Prouesse diplomatique
Si d’aucuns souriront d’une telle concession et verront là une courbette diplomatique devant un cul-de-sac institutionnel, ils oublient que la Suisse montre une constance honorable dans ses positions. Position qu’elle défend depuis les sommets de 2000-2005 traitant précisément de ce sujet. De plus, une analyse de l’évolution sémantique et formelle du projet à la résolution de la semaine dernière rend palpable le défi consensuel. Elle se conclut par une adroite mise en valeur de la question centrale du veto, un tour de force helvétique.

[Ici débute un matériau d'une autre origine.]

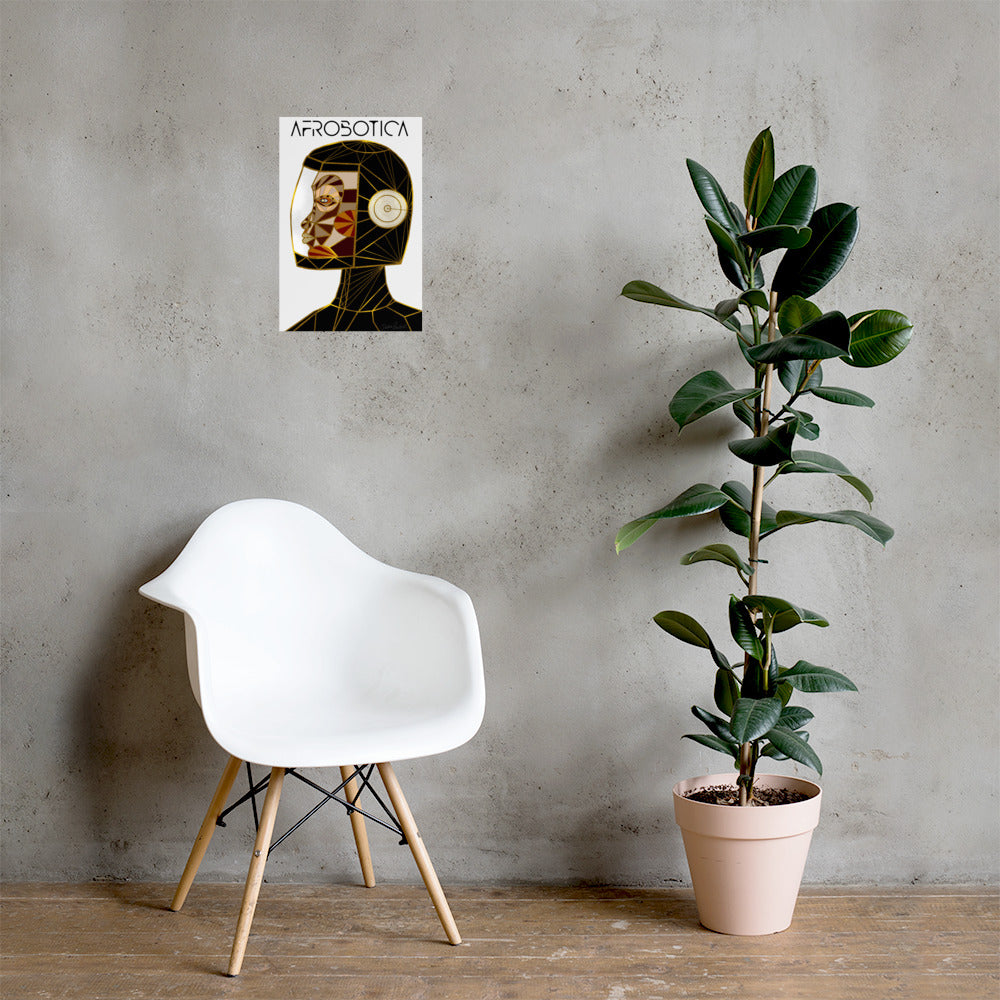 Afrobotica Native Earth Poster (12 x 18)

Manœuvre stratégique pour LE challenge du multilatéralisme
En conclusion, la résolution soumise à l’Assemblée Générale est le résultat d’un travail de longue haleine de la Suisse, d’une réflexion multilatérale intense et d’une coalition improbable mais néanmoins pertinente d’acteurs, soit, petits, mais jouissant d’un écho très favorable sur la scène internationale et dans les différents blocs onusiens. Si les mesures demeurent modestes à première vue, elles ont l’avantage d’être subtilement contraignantes pour changer sans déranger. Les Small-5 ont un avantage certain dans la course à la réforme.

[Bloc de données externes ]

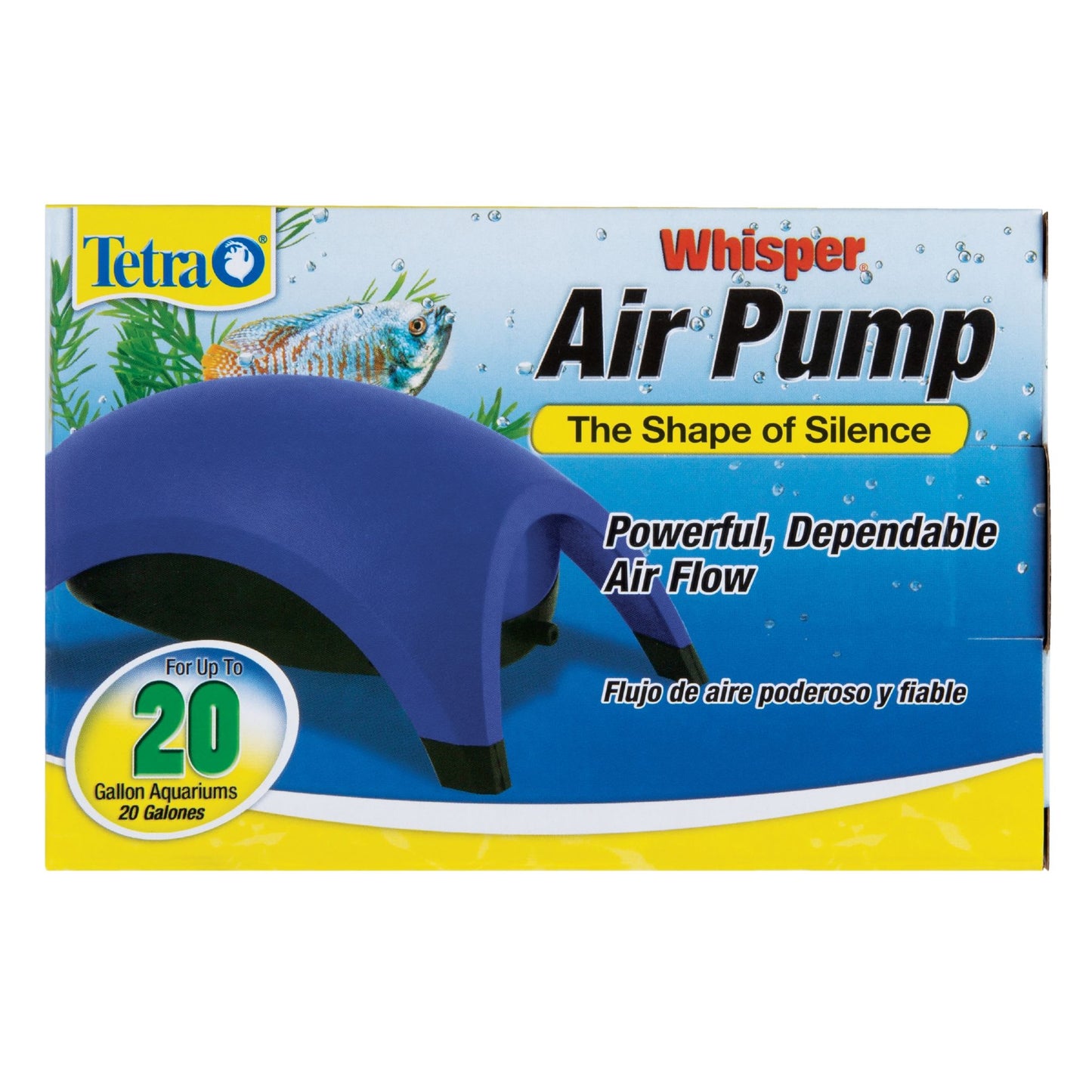Tetra Whisper Air Pump 20 Gal Tank Multi-Colored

Au delà des intérêts de l’Union Africaine ou des BRICS pour une réforme drastique du Conseil qui crispe les P5, la proposition des Small-5 s’inscrit dans une dynamique plus neutre et moins offensive. Elle leur offre en effet la possibilité d’enfin calmer l’opinion à propos du statu quo des organes onusiens en agissant commodément autant sur le contenu que sur la forme du Conseil de Sécurité. L’acceptation de cette résolution, d’une part par l’Assemblée Générale puis, peut-être, par le Conseil de Sécurité, sera davantage le résultat d’une estimation stratégique des membres du Conseil quant aux autres projets de réforme que d’une véritable volonté révolutionnaire. Si cette réalité paraît bien éloignée des idéaux démocratiques sous-jacent à la résolution, c’est en jouant le jeu des P-5 que les Small-5 peuvent se targuer d’amorcer l’un des plus importants défis de la politique internationale de ce début de siècle.
Fanny Charmey, lic. phil., responsable du groupe de travail «Organisations Internationales» de foraus.